# Analysis of ISEAR Data Set

In [1]:
import cufflinks as cf
import pandas as pd
cf.go_offline()
cf.set_config_file(offline=False, world_readable=True)

## Reading in the CSV File

First, we read in the CSV file with they entire data set with columns for the emotion labels and text. We skip the bad lines and drop NaNs. Finally, we filter out all 'no response' items which always appear between square brackets.

In [2]:
column_names = ['Emotion', 'Text']
df = pd.read_csv('data.csv', names=column_names, header=None, on_bad_lines='skip')
df = df.dropna()
pattern = "\[(.*?)\]"
filtered = df['Text'].str.contains(pattern)
df = df[~filtered]


This pattern is interpreted as a regular expression, and has match groups.

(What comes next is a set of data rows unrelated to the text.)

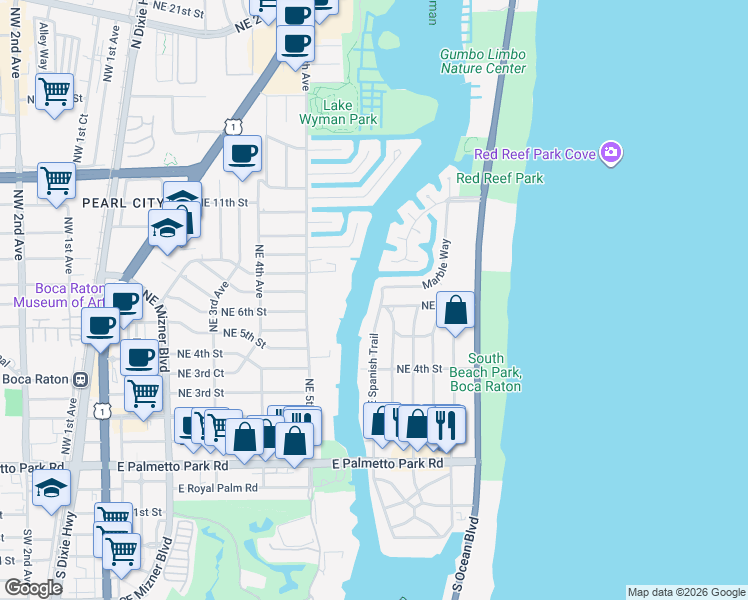 map of restaurants, bars, coffee shops, grocery stores, and more near 566 Northeast Spanish Trail in Boca Raton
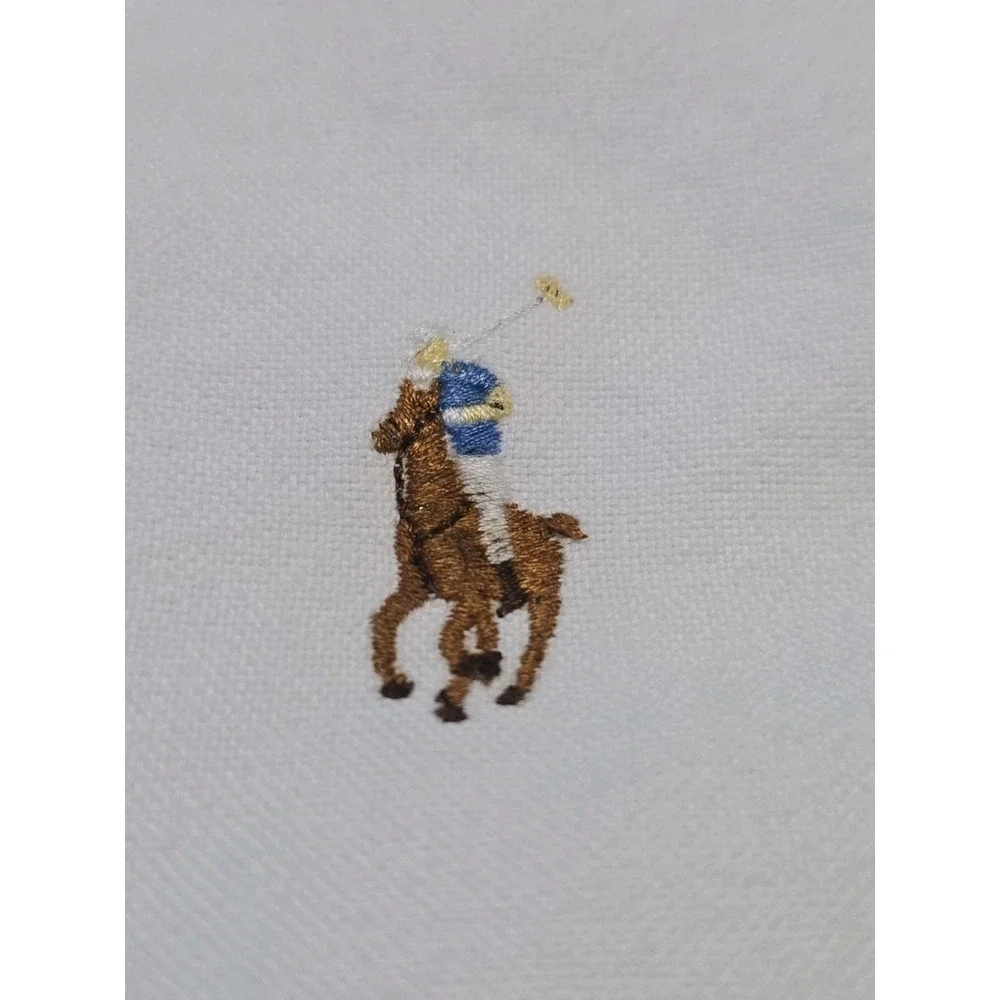 Polo Ralph Lauren Shirt Mens XL White Flesh Pony Button Up Down Long Sleeve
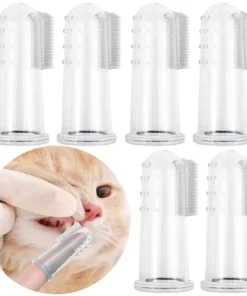 6 Pcs Pet Toothbrush Set - Silicone Finger Toothbrush For Cats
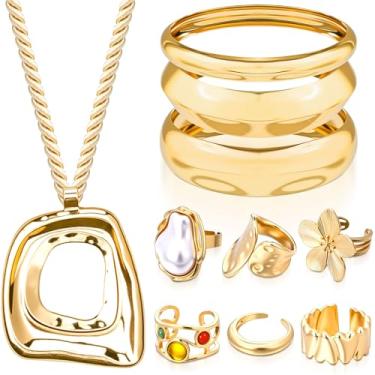 Imagem de Misdary Conjunto de 10 peças de anéis de colar grosso de ouro para mulheres, conjunto de joias banhadas a ouro com pulseiras grossas, colar com pingente e anéis de flores empilháveis para presentes de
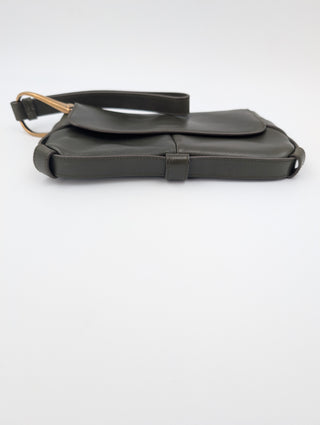 Olive Green Leather Clutch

To actually get the groups, use str.extract.



In [3]:
print("Dimensions are: ", df.shape)
df.head(25)

Dimensions are:  (7430, 2)


Unnamed: 0,Emotion,Text
0,joy,When I understood that I was admitted to the U...
1,fear,I broke a window of a neighbouring house and I...
2,joy,Got a big fish in fishing.
3,fear,"Whenever I am alone in a dark room, walk alone..."
4,shame,I bought a possible answer to a homework probl...
5,disgust,I read about a murderer who brutalized his vic...
6,joy,The day that my boyfriend appeared at home wit...
7,guilt,I went to a pub with a group of friends (not v...
8,anger,Had an insulting letter from my father.
10,fear,I was to be given an audition to get a role. I...


## Examining the Distribution of Emotion Labels

We can see from the chart below, that the distribution of emotions over the whole dataset is roughly equal. 

In [4]:
# Emotion distributions
df['Emotion'].value_counts(normalize=True).iplot(kind='bar',
                                                      yTitle='Percentage', 
                                                      linecolor='black', 
                                                      opacity=0.7,
                                                      color='blue',
                                                      theme='pearl',
                                                      bargap=0.2,
                                                      gridcolor='white',
                                                     
                                                      title='Distribution of emotions')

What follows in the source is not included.